All'interno delle suddette logiche e, al contempo, figlia dello spirito spontaneista del '77, si costituisce - per iniziativa di Paolo Signorelli, Sergio Calore ed altri neofascisti provenienti da Avanguardia nazionale e, soprattutto, Ordine nuovo - l'organizzazione Costruiamo l'azione. Seppur non cospicua in termini di organico, Costruiamo l'azione - che imbocca quasi da subito la strada del soggettivismo armato compiendo alcuni attentati nella capitale - è un punto di riferimento della cosiddetta area nazional-rivoluzionaria. La sua componente giovanile arriva a teorizzare il disconoscimento totale di qualsiasi ideologia di tipo fascista, intendendo rivolgersi - fredianamente - ad ambienti che esulano dalla cosiddetta area di riferimento della destra radicale e cercando alleanze politiche con l'estrema sinistra. Per realizzare ciò, vengono rotti i ponti con il tradizionalismo evoliano e si affrontano tematiche sino ad allora esclusivo patrimonio della sinistra classista o del radicalismo democratico: la repressione e le carceri speciali, la condizione della donna, il lavoro alienante, ecc. In quest'ottica verranno effettuati anche volantinaggi ai cancelli delle fabbriche. La scelta eversivo-bombarola di Costruiamo l'azione (che rivendica i suoi attentati, a partire dal '79, con la sigla Movimento rivoluzionario popolare e, attraverso Calore, ha relazioni con i NAR) conduce però l'esperimento tra le braccia di loschi figuri legati ai Servizi segreti e, soprattutto, nella rete della polizia.
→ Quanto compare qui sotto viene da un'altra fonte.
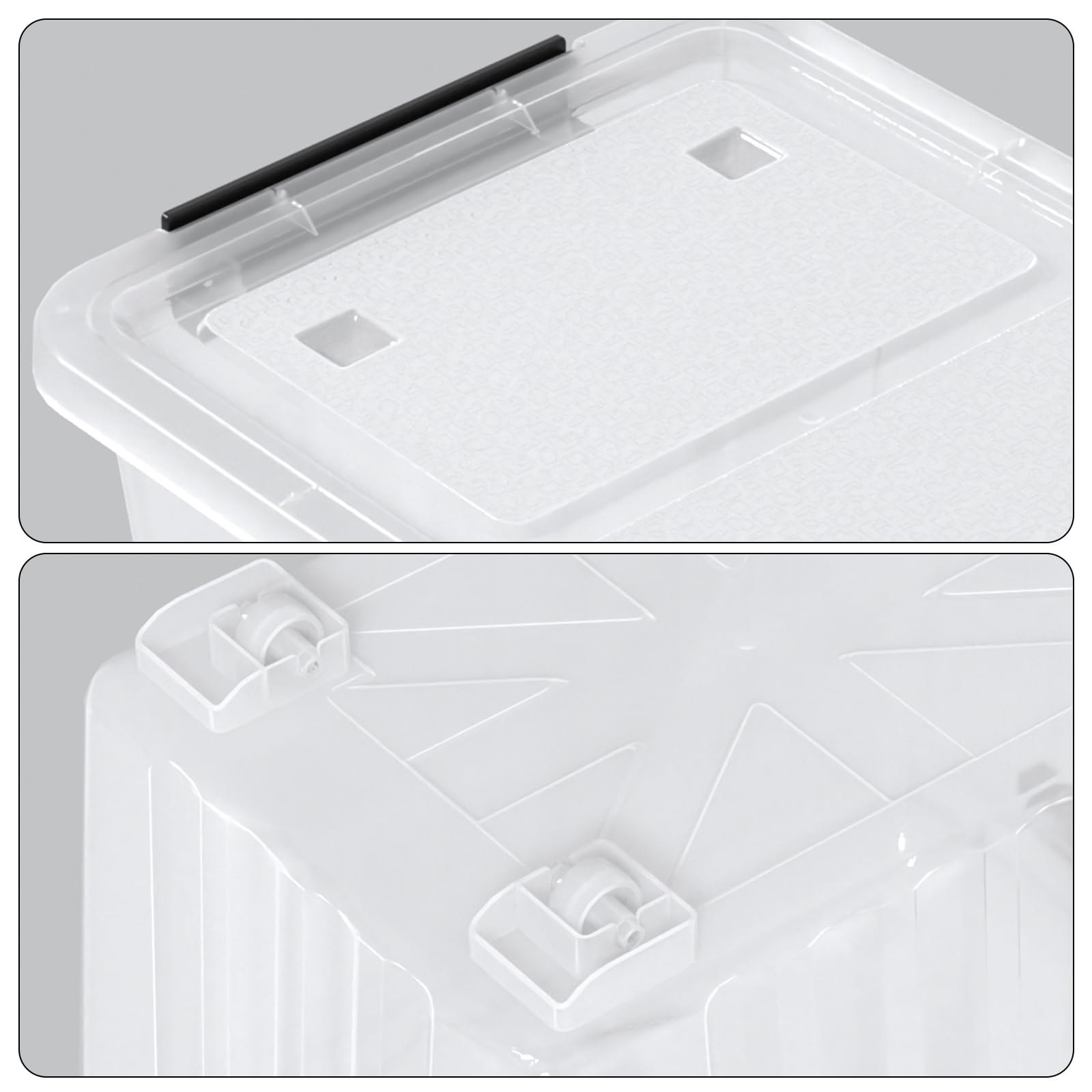 50 Quart Large Plastic Latching Box with Lid (4 Count)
Ma è Terza posizione a brillare più di tutte tra le stelle della galassia nazional-rivoluzionaria, anche se, in realtà, è quella che rimane maggiormente legata alle origini fasciste. Anch'essa figlia del '77, nasce, per iniziativa dell'attuale leader di Forza nuova Roberto Fiore, dallo scioglimento di Lotta studentesca, raccogliendo l'eredità spirituale di Avanguardia nazionale. L'esasperato antimaterialismo va di pari passo con l'esaltazione dell'Europa-nazione. Il reclutamento avviene anche nelle borgate. Il nome è tutto un programma, teso a evidenziare un'immagine di sé proiettata oltre la dicotomia destra -sinistra; una posizione intermedia (la terza, appunto) tra capitalismo e socialismo. Ma, al di là di ciò, la lontananza con il eurasismo comunitarista è notevole: il sostegno alle lotte di liberazione nazionale separatiste europee è pressoché incondizionato e l'Europa che hanno in mente i "tippini" è più o meno quella occidentale ("né USA né URSS" è il loro slogan martellante). A livello militare, svolgono, con solerzia, il ruolo di picchiatori delle avanguardie comuniste. Durante gli anni '80 sarà questo tipo di "fascismo di sinistra" egemone sulle altre varianti. Il Movimento politico occidentale e l'area naziskin vi faranno abbondantemente riferimento.

Camerati in camicia rossa

Sarà la dissoluzione del blocco sovietico a riportare in auge, negli anni Novanta, le tendenze comunitariste, neo-eurasiste, eurasico-islamiste e nazional-bolsceviche. Caduto uno dei due "imperi del male" e venuta meno la necessità dell'antisovietismo, le suddette tendenze riescono ad espandere la loro base, forti del loro passato anti-atlantista senza macchie apparenti. Per la verità, in mezzo a questa melma sguazzano anche alcune vecchie conoscenze dei Servizi segreti: come la Lega nazionalpopolare di Stefano Delle Chiaie, fondata da questi nell'ottobre del '91 insieme all'ex missino Tomaso Staiti di Cuddia. Riviste come "Avanguardia", "Orion", "Aurora", cominciano ad oltepassare il limes della propria nicchia localistica e/o particolaristica. La lotta al "mondialismo giudaico-massonico" diventa il principale cavallo di battaglia di questa composita area. L'internazionalismo proletario viene osteggiato quale derivazione del cosmopolitismo di matrice illuministico-giacobina. La battaglia differenzialista contro le contaminazioni etnico-culturali derivanti dai fenomeni migratori e in difesa di tutte le specificità - altro punto saliente della propaganda del neofascismo di sinistra - viene condotta, dalla maggior parte delle forze politiche riconducibili a questa area, senza far ricorso all'utensileria di stampo grettamente razzista.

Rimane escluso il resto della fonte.